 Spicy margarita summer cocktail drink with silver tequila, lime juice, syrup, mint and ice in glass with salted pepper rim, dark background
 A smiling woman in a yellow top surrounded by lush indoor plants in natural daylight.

==

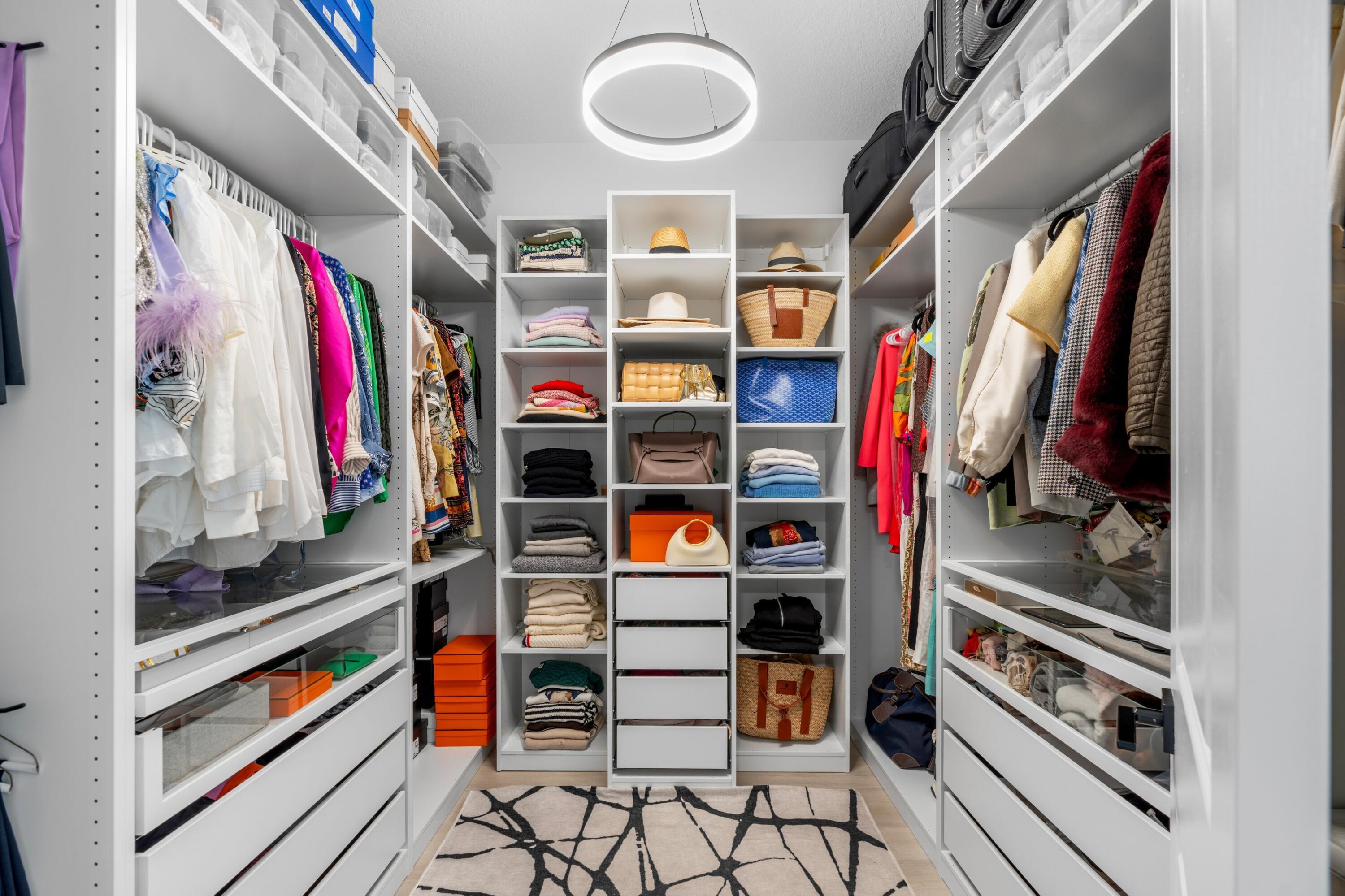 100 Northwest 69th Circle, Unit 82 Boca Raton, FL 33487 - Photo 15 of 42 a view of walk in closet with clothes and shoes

==

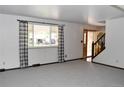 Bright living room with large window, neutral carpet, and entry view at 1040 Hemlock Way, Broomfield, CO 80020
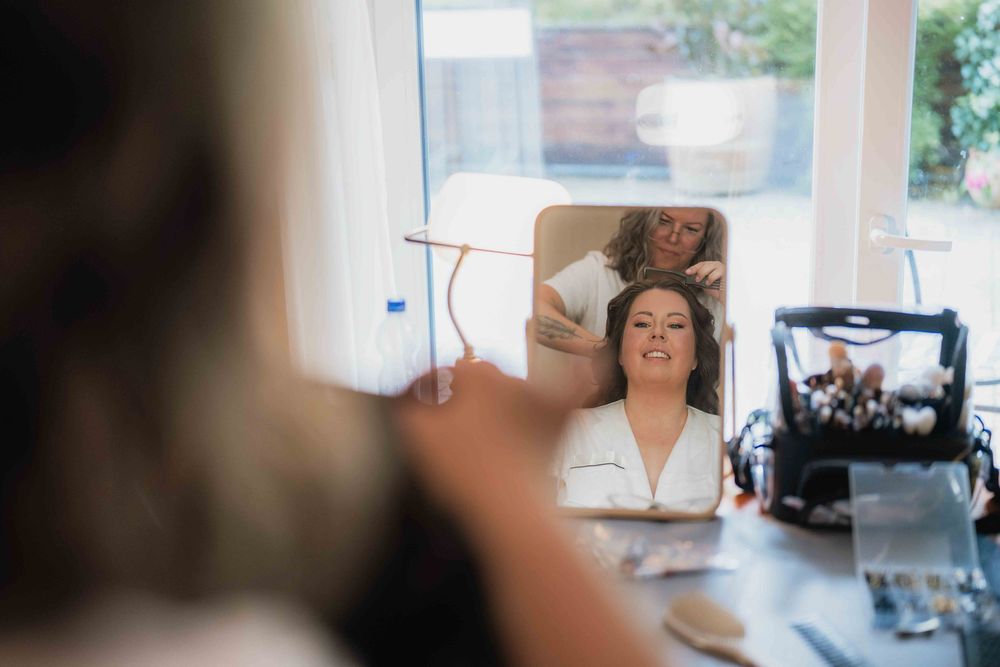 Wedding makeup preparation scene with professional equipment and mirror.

## About this exercise
Go to the line above that has "Bright living room" and copy exactly from there down to the line that has "Wedding makeup preparation", both included. Leave the pictures out.

## Result below
 Bright living room with large window, neutral carpet, and entry view at 1040 Hemlock Way, Broomfield, CO 80020
 Wedding makeup preparation scene with professional equipment and mirror.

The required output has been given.